ABOUT THIS EXERCISE.
With the pictures left out, reproduce exactly the lines from the one containing "Jigsaw puzzle box" through the final line of the entries.

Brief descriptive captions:
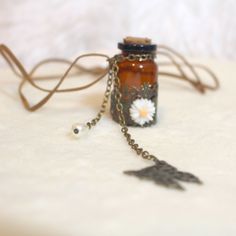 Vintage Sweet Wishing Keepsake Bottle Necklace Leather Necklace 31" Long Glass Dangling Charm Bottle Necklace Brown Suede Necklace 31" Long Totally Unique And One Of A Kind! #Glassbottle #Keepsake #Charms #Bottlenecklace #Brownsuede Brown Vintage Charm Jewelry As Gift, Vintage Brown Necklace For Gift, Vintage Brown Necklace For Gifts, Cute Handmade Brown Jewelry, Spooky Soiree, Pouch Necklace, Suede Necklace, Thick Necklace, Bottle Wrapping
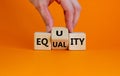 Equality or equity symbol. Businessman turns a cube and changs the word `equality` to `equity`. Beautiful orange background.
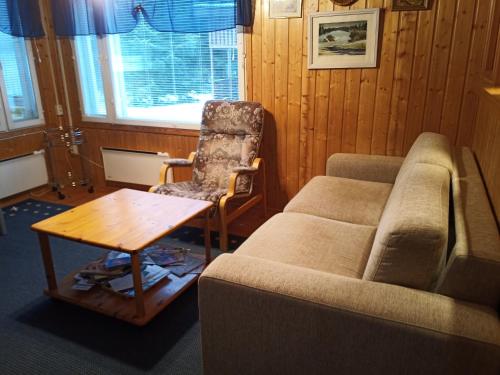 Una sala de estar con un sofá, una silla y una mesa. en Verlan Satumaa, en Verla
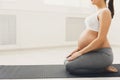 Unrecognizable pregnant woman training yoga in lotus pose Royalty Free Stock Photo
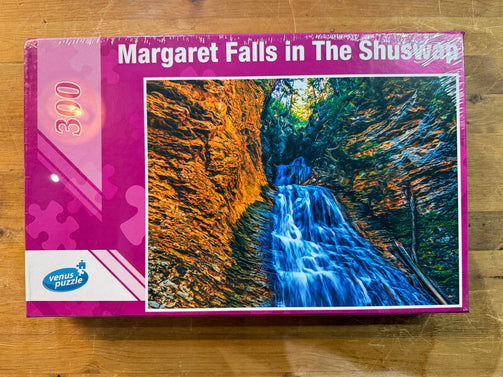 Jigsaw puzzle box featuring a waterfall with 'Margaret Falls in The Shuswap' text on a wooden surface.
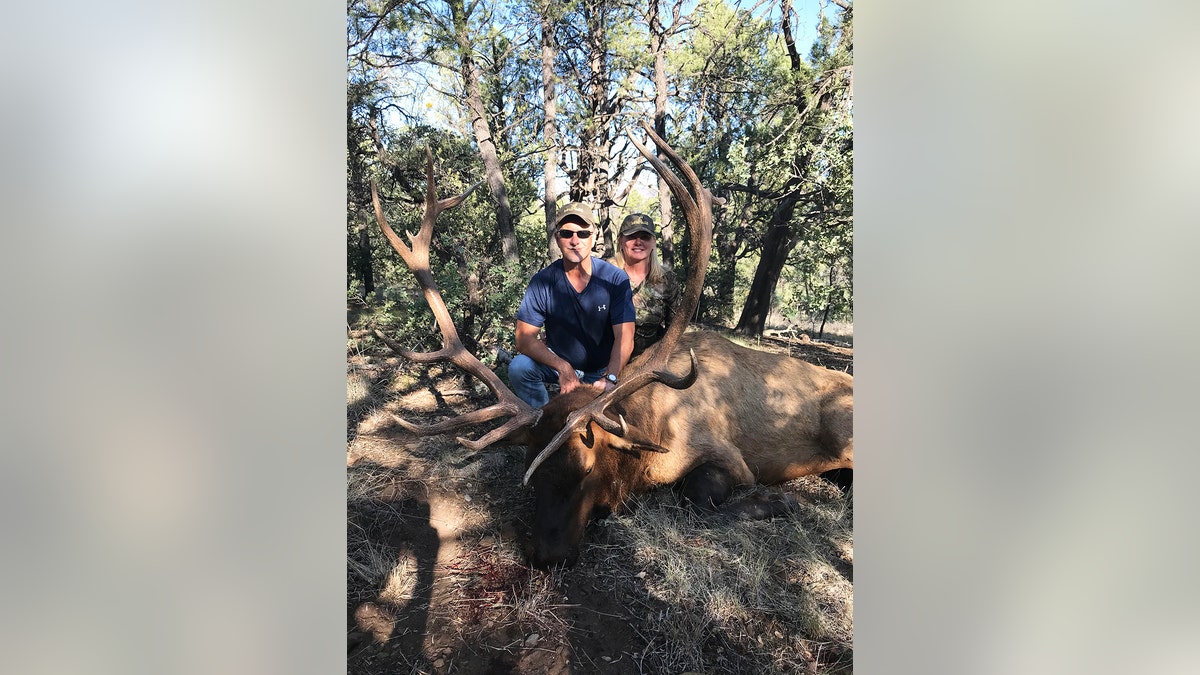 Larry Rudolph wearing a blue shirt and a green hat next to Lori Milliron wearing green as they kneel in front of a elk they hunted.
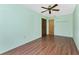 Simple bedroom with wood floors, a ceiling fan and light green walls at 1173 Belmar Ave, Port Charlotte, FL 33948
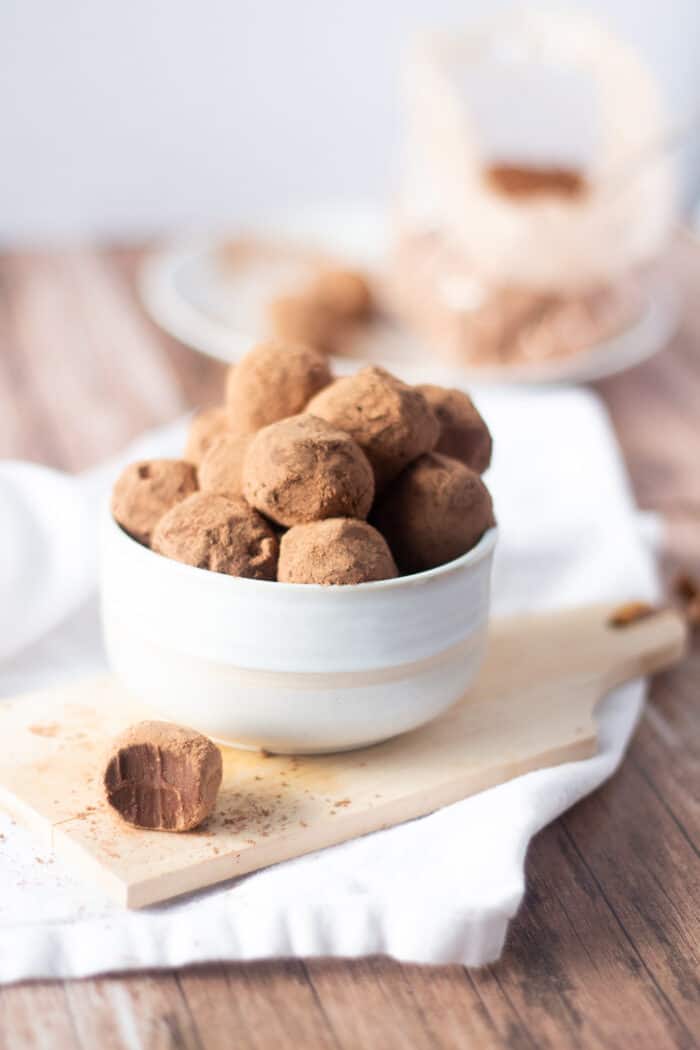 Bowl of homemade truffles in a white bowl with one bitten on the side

RESULT OF THIS EXERCISE.
 Jigsaw puzzle box featuring a waterfall with 'Margaret Falls in The Shuswap' text on a wooden surface.
 Larry Rudolph wearing a blue shirt and a green hat next to Lori Milliron wearing green as they kneel in front of a elk they hunted.
 Simple bedroom with wood floors, a ceiling fan and light green walls at 1173 Belmar Ave, Port Charlotte, FL 33948
 Bowl of homemade truffles in a white bowl with one bitten on the side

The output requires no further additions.